• What is expected:
When you copy the listing, skip the images and return each line verbatim.

• Dataset extract:
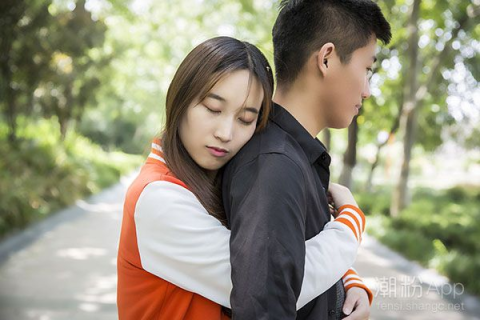 梦境交织的情感迷雾，解析梦见男友与他人相亲的复杂心理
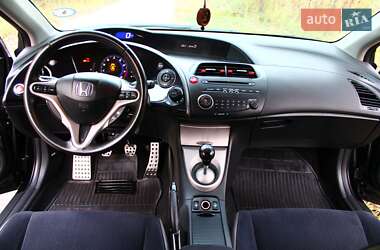 Хэтчбек Honda Civic 2006 в 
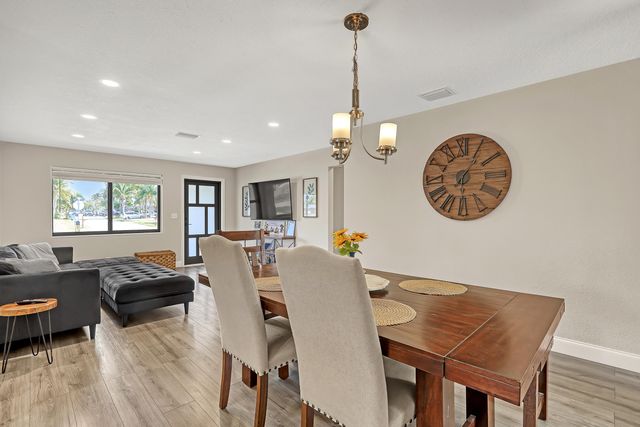 1210 Skylark Lane, Lantana, FL 33462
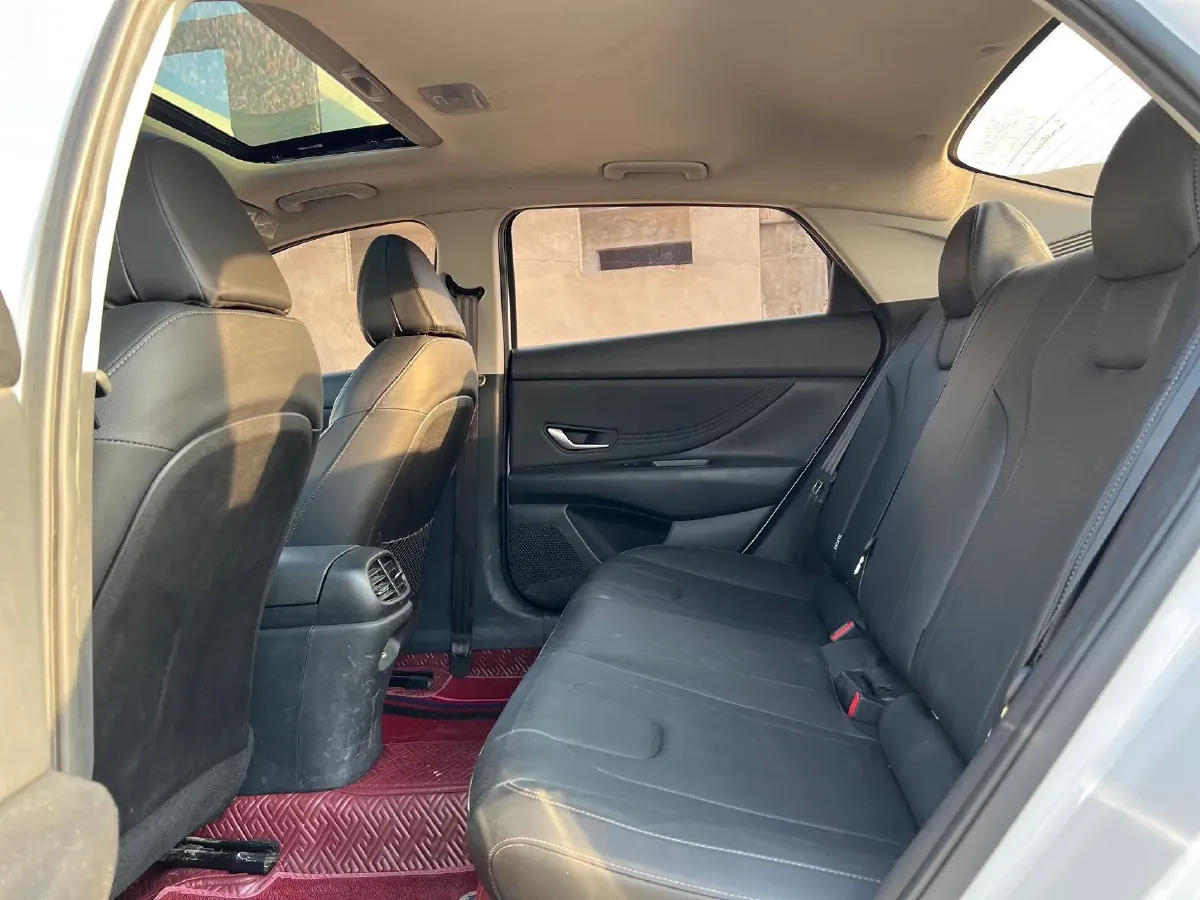 2022 Hyundai Elantra 1.5L 115HP L4 CVT,autocango,china used car exporter,china ev exporter,chinese used car exporter,chinese used ev exporter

• Answer box:
 梦境交织的情感迷雾，解析梦见男友与他人相亲的复杂心理
 Хэтчбек Honda Civic 2006 в 
 1210 Skylark Lane, Lantana, FL 33462
 2022 Hyundai Elantra 1.5L 115HP L4 CVT,autocango,china used car exporter,china ev exporter,chinese used car exporter,chinese used ev exporter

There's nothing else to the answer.